» Work instructions
In the entries below, find the line containing "Laundry Rules Valances" and the line containing "Set of 2 Swivel". Copy those two lines and everything between them exactly, without the pictures.

» Data records
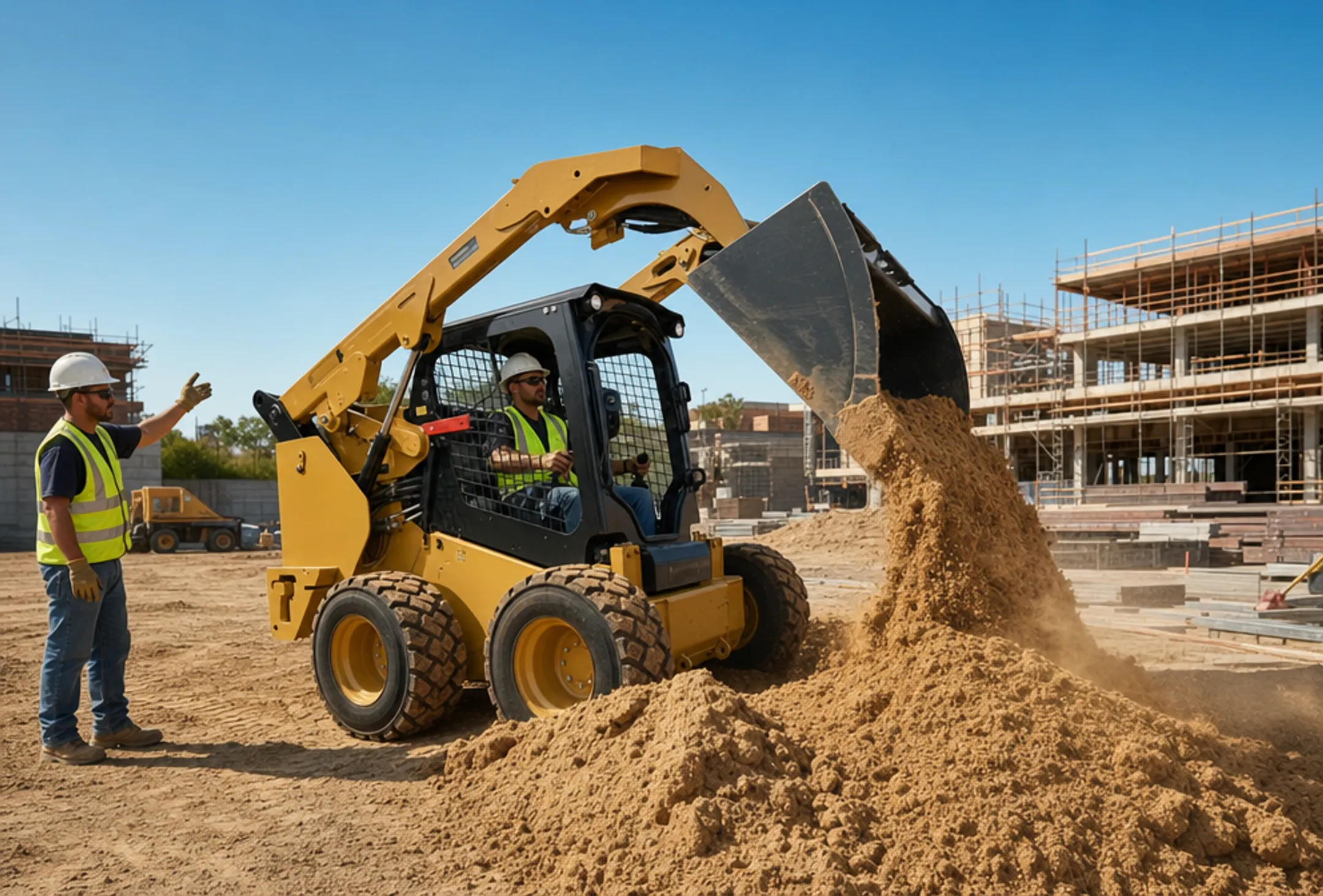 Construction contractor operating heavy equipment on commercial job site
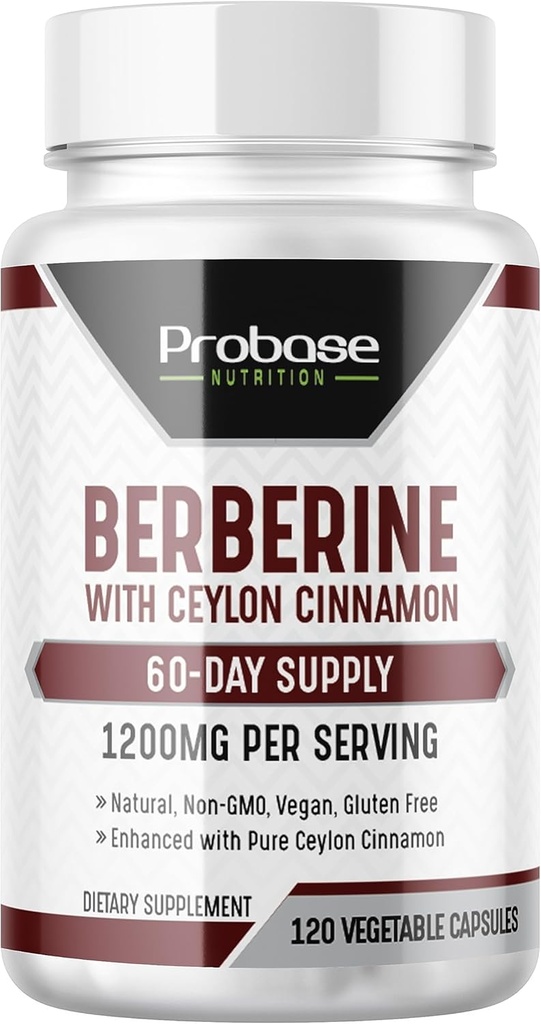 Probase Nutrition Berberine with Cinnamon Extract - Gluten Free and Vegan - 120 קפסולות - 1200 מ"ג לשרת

...

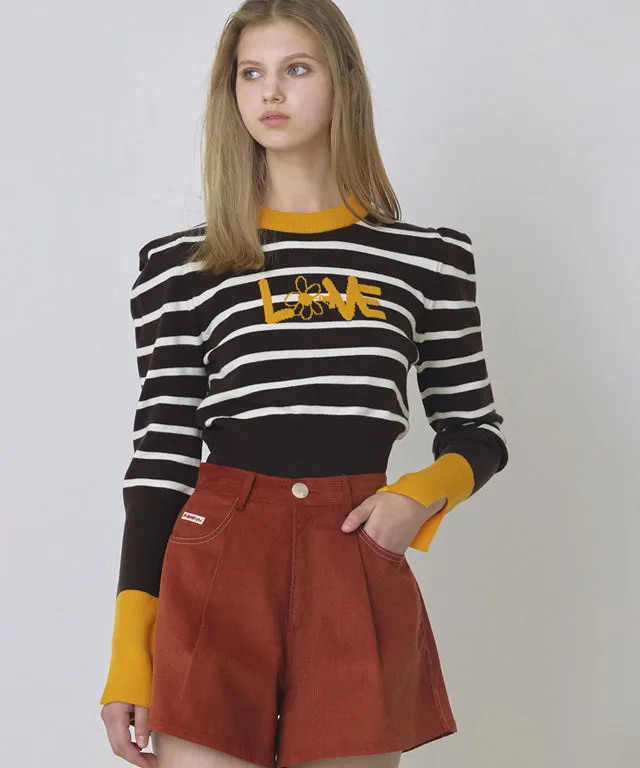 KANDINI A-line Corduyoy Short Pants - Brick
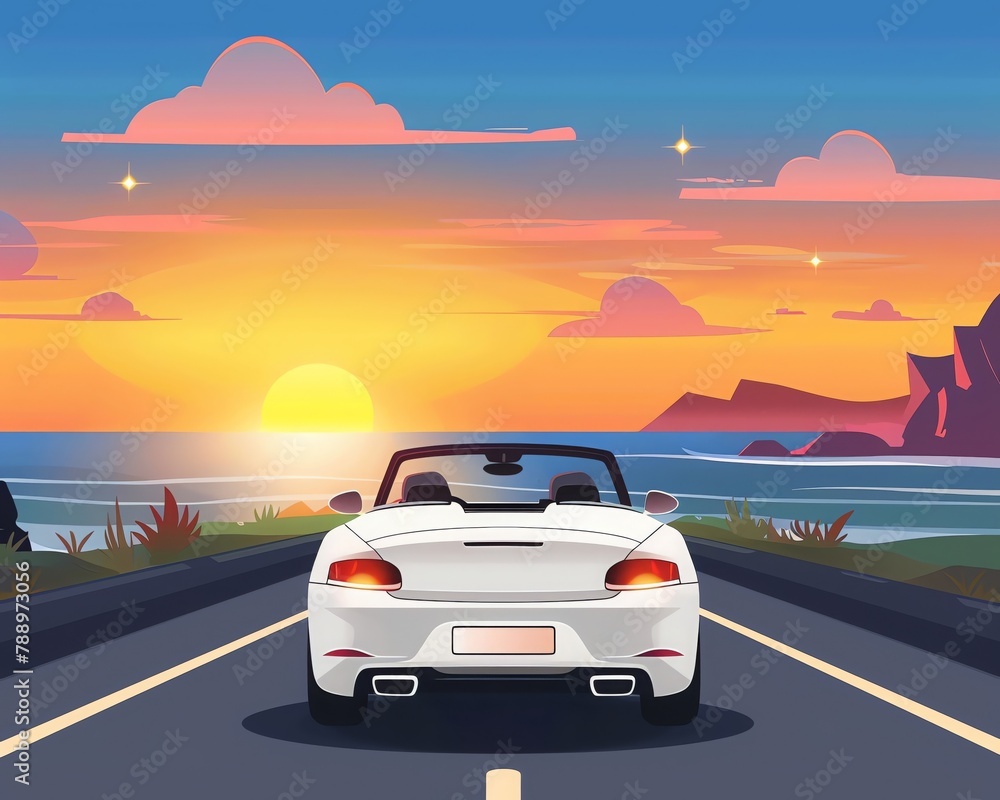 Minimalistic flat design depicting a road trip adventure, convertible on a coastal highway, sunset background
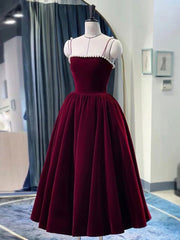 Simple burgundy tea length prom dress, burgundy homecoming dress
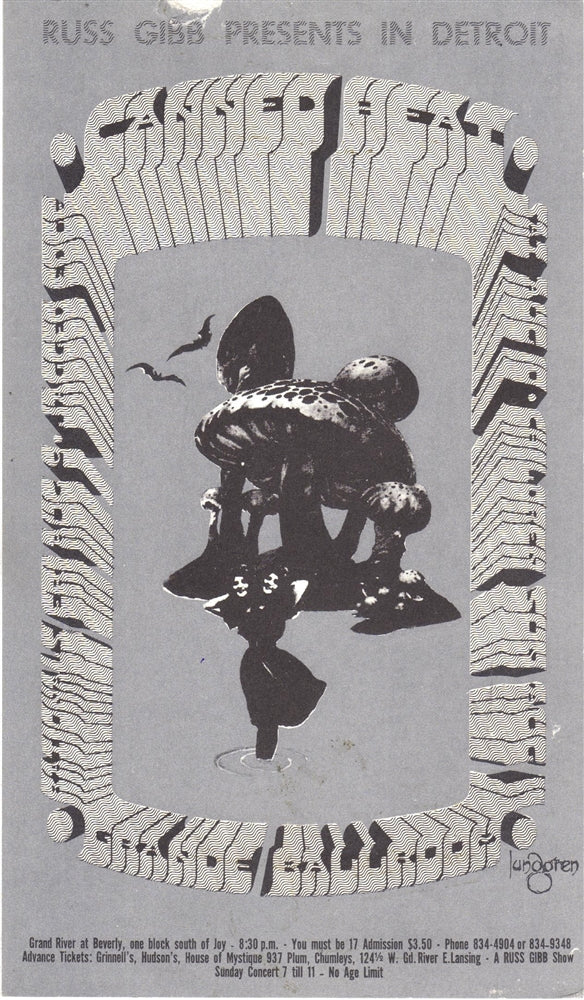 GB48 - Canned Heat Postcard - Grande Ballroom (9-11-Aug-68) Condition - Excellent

...

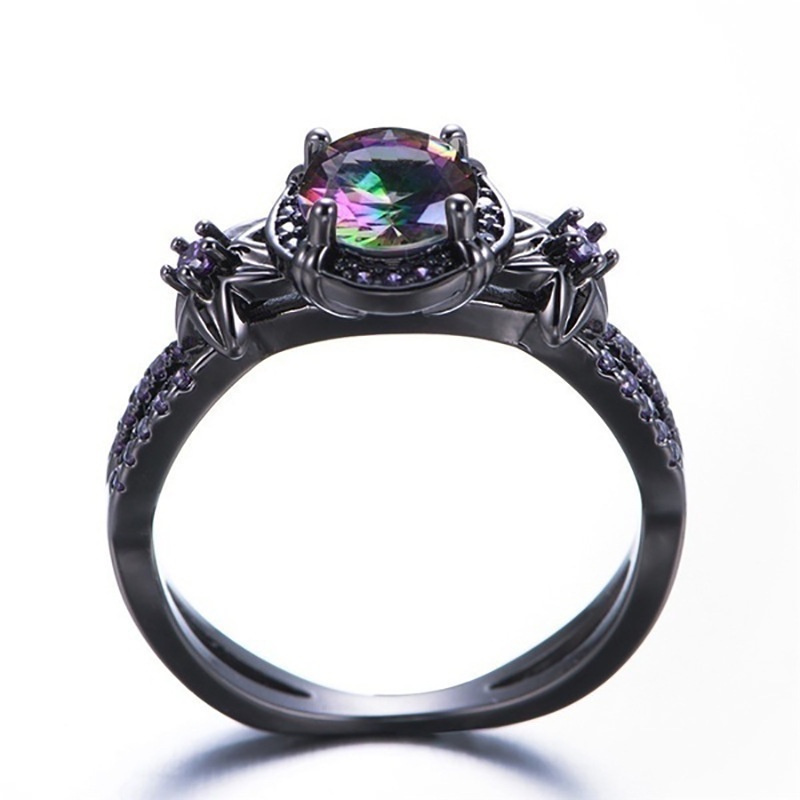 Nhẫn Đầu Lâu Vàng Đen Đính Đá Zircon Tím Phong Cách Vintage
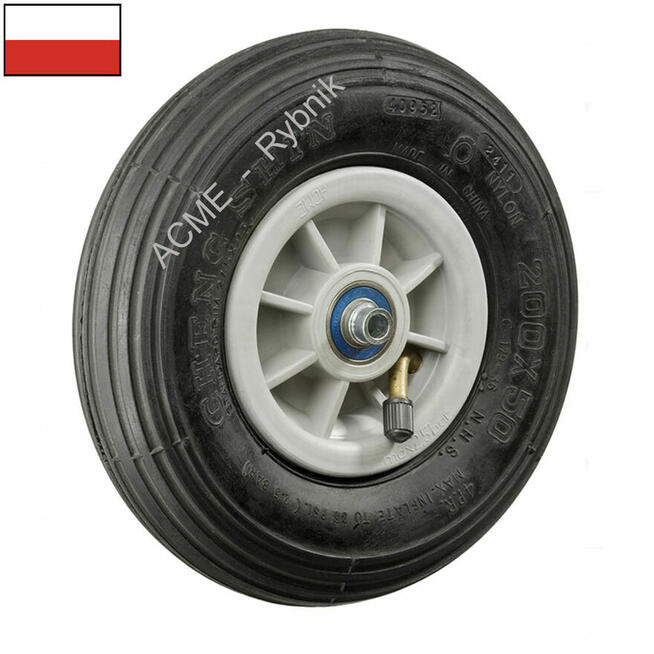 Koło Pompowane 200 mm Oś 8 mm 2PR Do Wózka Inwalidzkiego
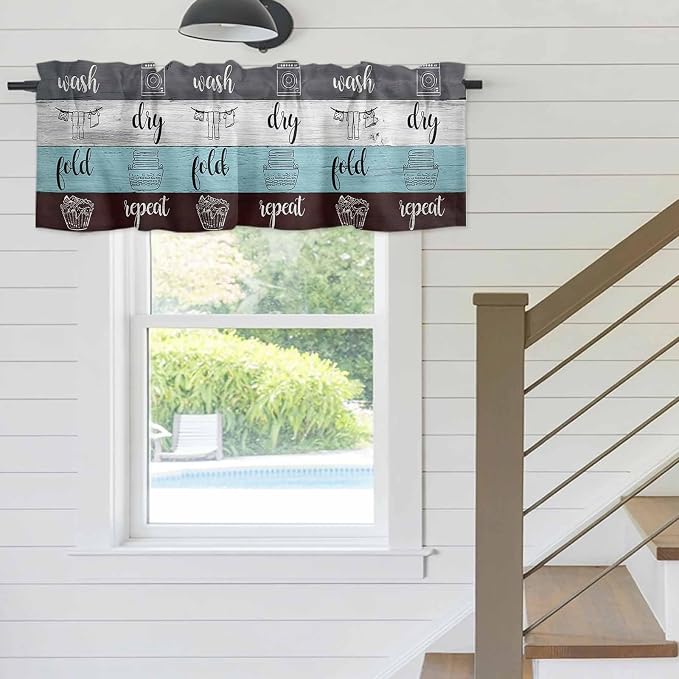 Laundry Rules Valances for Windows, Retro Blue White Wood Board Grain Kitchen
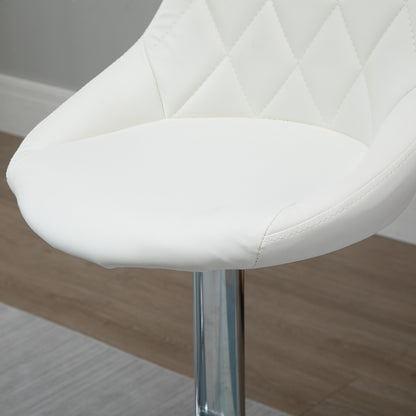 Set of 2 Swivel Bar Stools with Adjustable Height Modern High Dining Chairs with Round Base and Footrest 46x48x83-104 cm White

» Result for this exercise
 Laundry Rules Valances for Windows, Retro Blue White Wood Board Grain Kitchen
 Set of 2 Swivel Bar Stools with Adjustable Height Modern High Dining Chairs with Round Base and Footrest 46x48x83-104 cm White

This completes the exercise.